Saturday, October 6, 2007

Autumn in Stockholm

We began the day with our breakfast (included) at the Hotel Alvik. Sarah joined us. It was quite the spread, with a lot of the usual stuff (eggs, toast) and some nice additions like Swedish pancakes. They had the texture of a crepe and you topped them with a jelly or jam.

It was an overcast morning, and about 45 degrees. I've read that's fairly typical weather for this time of year here. Sarah tells us we can also expect sporadic periods of rain, though today has been dry.

We went across the street from the hotel to the Alvick T stop (yes, they call it the “T” here, too).
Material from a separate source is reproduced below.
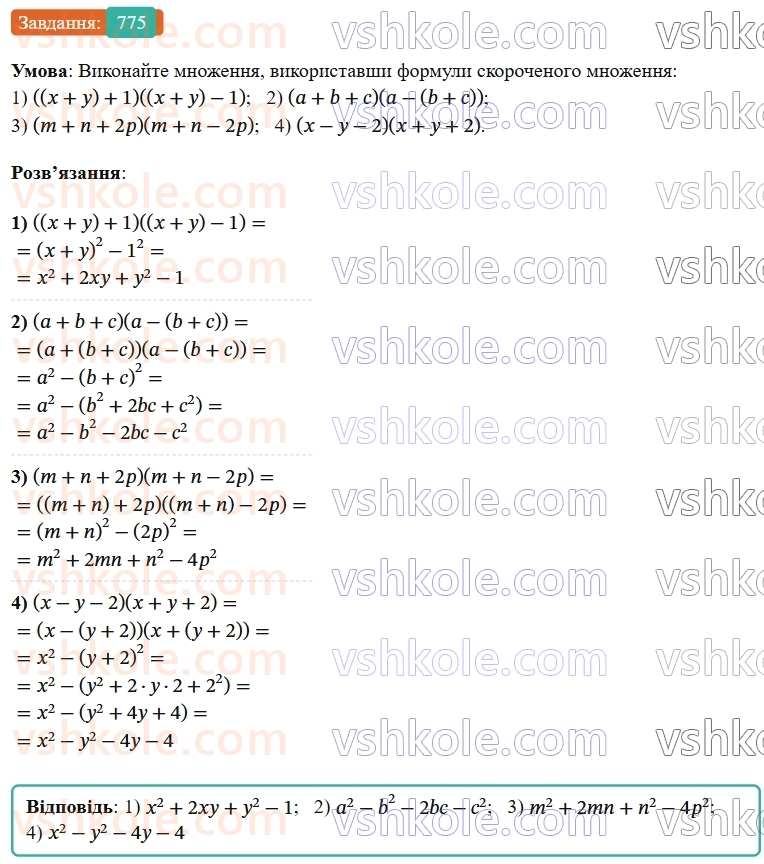 7-algebra-os-ister-2024--rozdil-2-tsili-virazi-18-mnozhennya-riznitsi-dvoh-viraziv-na-yihnyu-sumu-775-rnd4677.jpg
Rachel and I purchased 7-day T passes for Skr 230 ($35), a really great value when you consider each ride is $5 a pop if you pay-by-the-drink.

The subway here didn't disappoint. It was clean and had very comfortable seats. Was it a smooth ride, you ask? Well, I saw a gentleman standing and reading a Swedish Metro, holding the pages open with both hands – not once did he see the need to grab one of the handle bars.
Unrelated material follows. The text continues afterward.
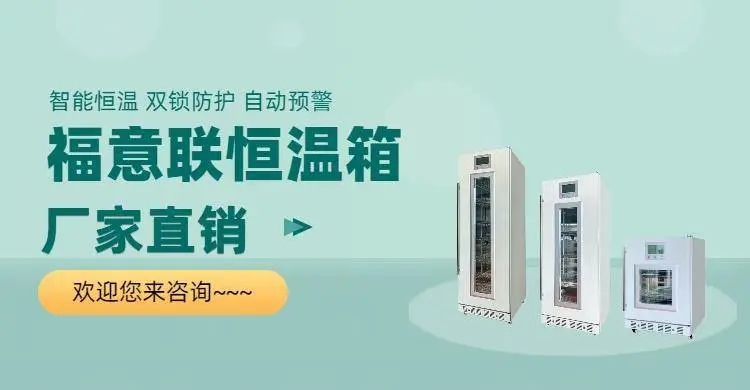 造影剂医用液体保温柜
We took the metro to T-Centralen (which runs below Centralstationen and is the main hub for the T lines). We walked upstairs to the lower plaza of Sergel's Torg (translated: Sergel's Square). Sergel's Torg is sort of the epicenter for dissent here, I'm told, in the form of protests. Recently, there was an international one opposing the United States occupation of Iraq.
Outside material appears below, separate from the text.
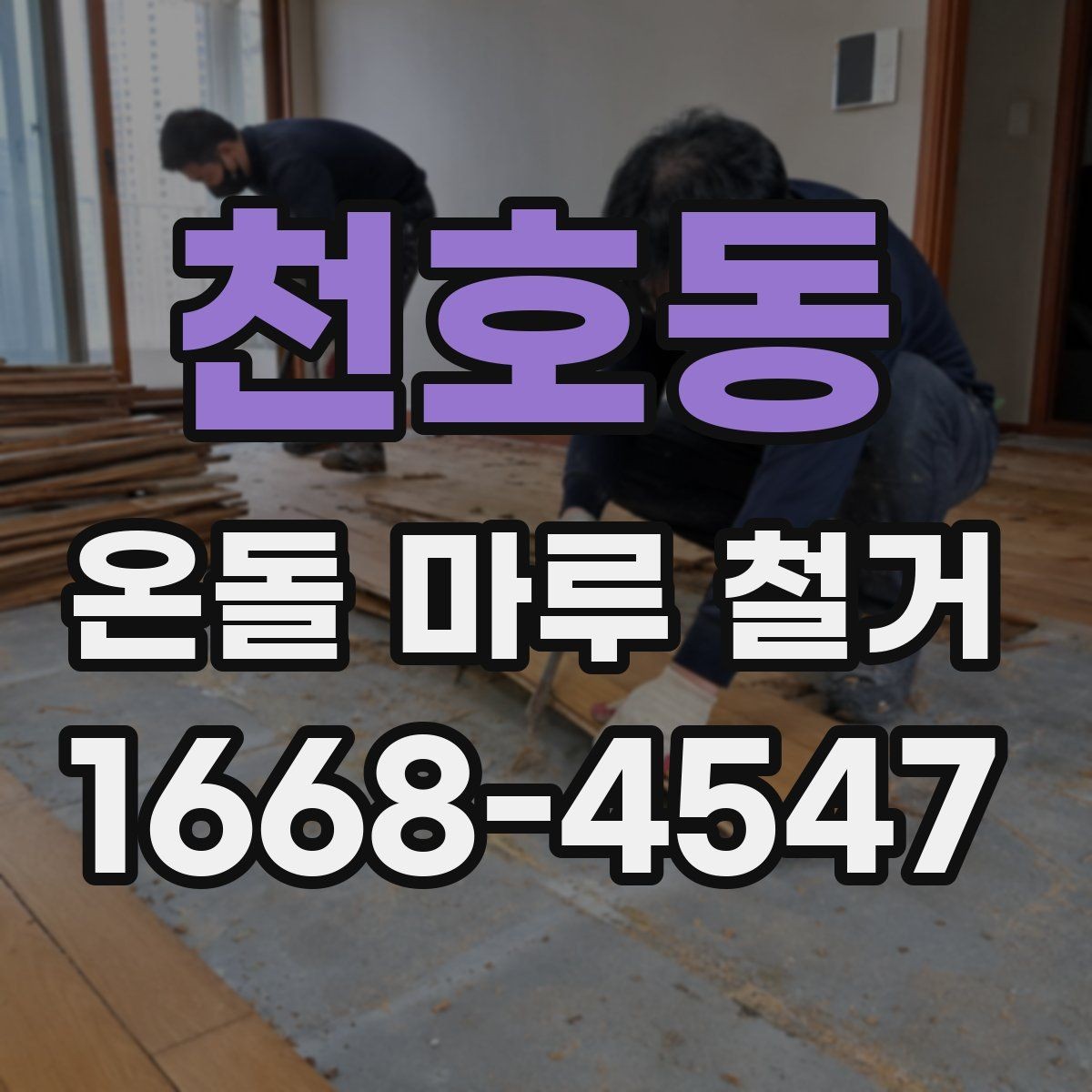 천호동 온돌 마루 철거 비용 절감에 도움이 되는 점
Today, though, there weren't protests. Instead, there was a skateboarding/snowboarding festival. Sweet Skateboards had its sign over a half-pipe that was set up along the lower plaza beside the entrance to T-Centralen. Over on several flights of stairs leading down to the lower plaza, a dump truck unloaded tons and tons of snow. Boys dressed in baggy skater pants smoothed the snow over the steps, giving it a nice consistency. At the top, they built a ramp and dumped snow over it. I thought it'd be fun to stay and watch a few jumps, but we kept moving.

We climbed the stairs from the lower plaza and began strolling down Drattninggaton, a street lined with shops (some touristy with postcard stands in the doorway) but others more fashionable. The Swedes, it seems, are generally very fashionable. We spoke with Sarah about her conversations with her aunt, who works in fashion in New York. She says while Stockholm is by no means a first adopter (that distinction, of course, belongs to New York and Paris), they at least pay attention very closely to what's going on in those bellwether cities and then follow soon after. Everyone here is dressed in points. Pointy shoes, coats with pointy cuts. It's sort of a 1980s, quasi-punk, pseudo-hipster style (Disclaimer: I know nothing of fashion, so that's my crude assessment).

We ambled around the Norrmalm section of the city before moving slightly east and down along the water. As we walked along Strandvagen (a road that runs along the Djurgardsbrunnsviken inlet, we saw ferry boats that take people around the archipelago of the city. The buildings along the water, a lot of which are owned by companies or are hotels, looked marvelous with their empire-like towers.

We had lunch back at Sergels Square. We ate in Bern's restaurant and Cafe, which resides in an ugly modern building over the sqaure but that had wonderful food. We had pressed sandwiches and Pepsi's from longneck, retro-looking bottles.

In the afternoon, we took the Redline T south two stops to the Slussen stop, where we went to the unapologetically touristy (yet really helpful) Katarinahissen, a tall elevator, that shows you a bird's eye view of the city from high up. We paid Skr 10 each to take it to the top. The viewing area is basically a long walkway, which leads you into one of Stockholm's little neighborhoods. We stopped by a park and I took some pictures of the foliage.

The smell of the smoke billowing from a nearby chimney, coupled with the brittle leaves cracking under our feet, evinced thoughts of a New England winter back home. Oddly, I didn't find the thought depressing as much as a comforting reassurance that the seasons still change, after all.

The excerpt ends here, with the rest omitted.